===== DATASET EXCERPT

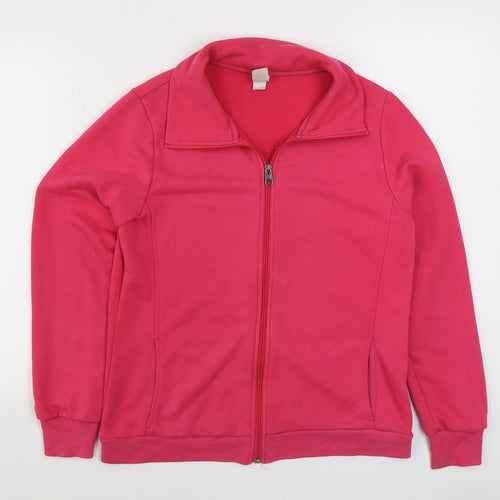 DECATHLON Womens Pink   Jacket  Size L  Zip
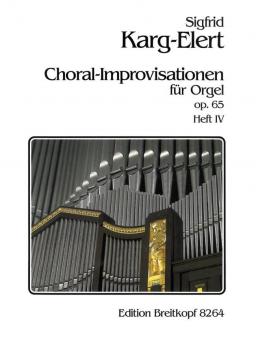 66 Choral-Improvisationen op. 65 Heft 4 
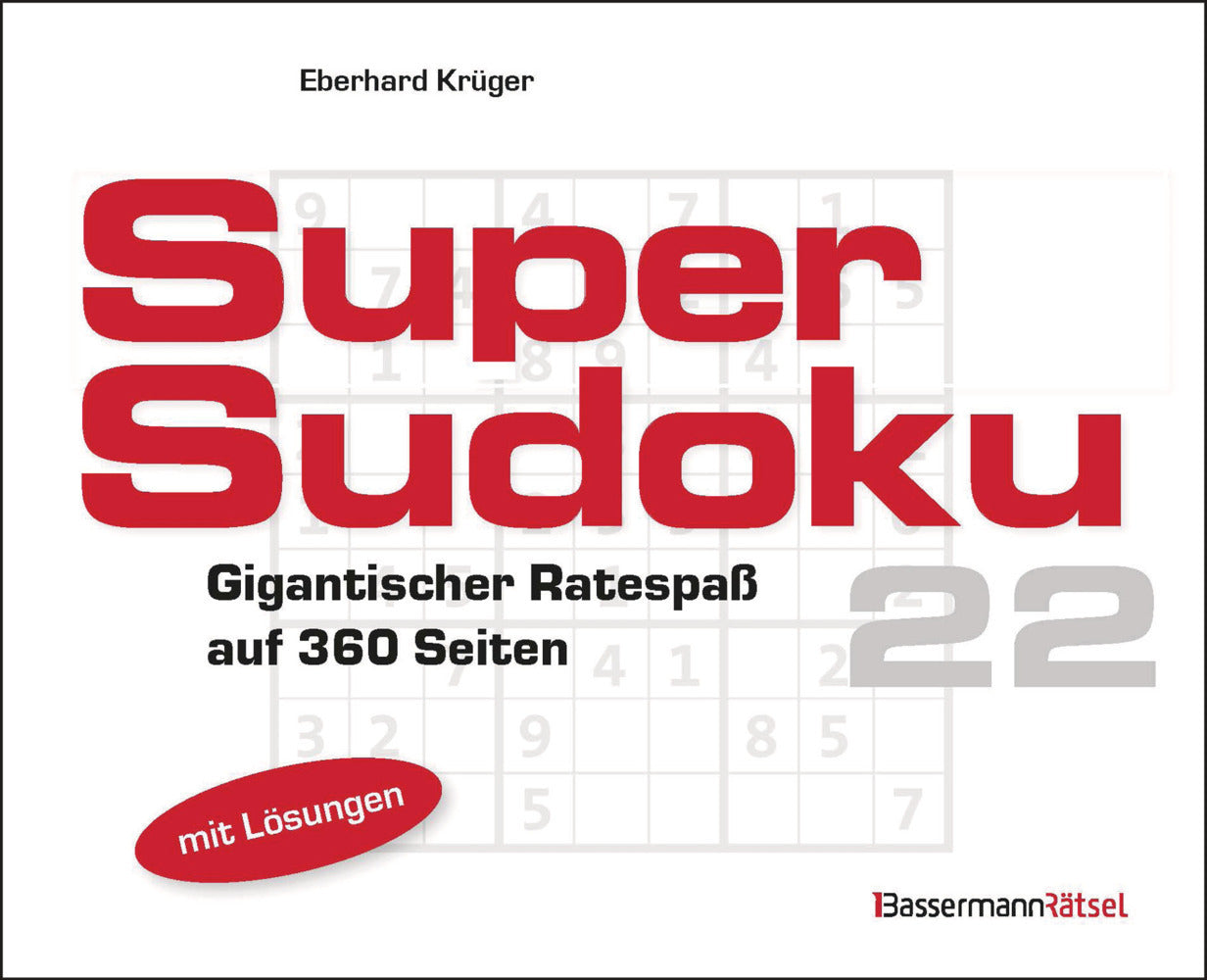 Supersudoku 22 (Eberhard Krüger)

==========

■ **WHAT YOU ARE ASKED TO DO**: Everything in the material above is to be reproduced exactly, pictures aside.

■ **OUTPUT BELOW**:
 DECATHLON Womens Pink   Jacket  Size L  Zip
 66 Choral-Improvisationen op. 65 Heft 4 
 Supersudoku 22 (Eberhard Krüger)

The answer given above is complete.